Contemporary Expressions / Declinazioni contemporanee
MAO presents the second edition of “Contemporary Expressions / Declinazioni Contemporanee”. This programme of artist residencies and site-specific commissions uses contemporary art as a medium for interpreting, re-reading, and showcasing the museum’s collection, descending on the present to discover new meanings and connections across different periods and cultures.
The works by Marzia Migliora, Kengo Kuma, Lee Mingwei, and Francesco Simeti presented in 2023 are joined this year by installations from Qiu Zhijie and Charwei Tsai, along with Patrick Tuttofuoco’s “Ultraworld”, a light installation created for MAO’s facade as part of “Costellazione”, a fringe section of “Luci d’Artista”.

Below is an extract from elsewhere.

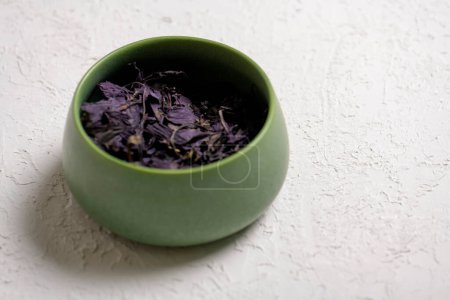 Photo for Dry lavender tea in a green bowl on a white background - Royalty Free Image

Charwei Tsai’s work features an installation of a hundred offering vessels, crafted by the artist in Taipei, Paris, and Turin, set on a base over ten metres long that traverses the museum’s grounds. Each vase was made using a sophisticated pottery technique and then hand-decorated by the artist with prayer inscriptions.
Patrick Tuttofuoco’s site-specific installation depicts two faces—one evoking Asian culture, the other Hellenistic—and occupies part of the facade of MAO Turin, specifically the corner with sides facing east and west, thus spatially uniting these two polarities.
In “Mappa Mundi” Qiu Zhijie’s maps project, the ink and brushwork of landscape painting are used to define a system of coordinates that condenses individuals, events, ideas, objects, and situations, intertwining them and offering the possibility of understanding them in relation to one another. The intelligently schematic nature of these maps has made it possible to use them as plans for various exhibitions.
Additionally, “Things that Death Cannot Destroy” Linda Fregni Nagler’s work, invites visitors to embark on an encyclopaedic journey into the past. This performance piece was conceived as a choreographed interaction between two nineteenth-century magic lanterns, operated by a projectionist and an actor reading the original captions on the glass slides aloud. In Nagler’s work, the images are organised to create a series of unexpected formal associations.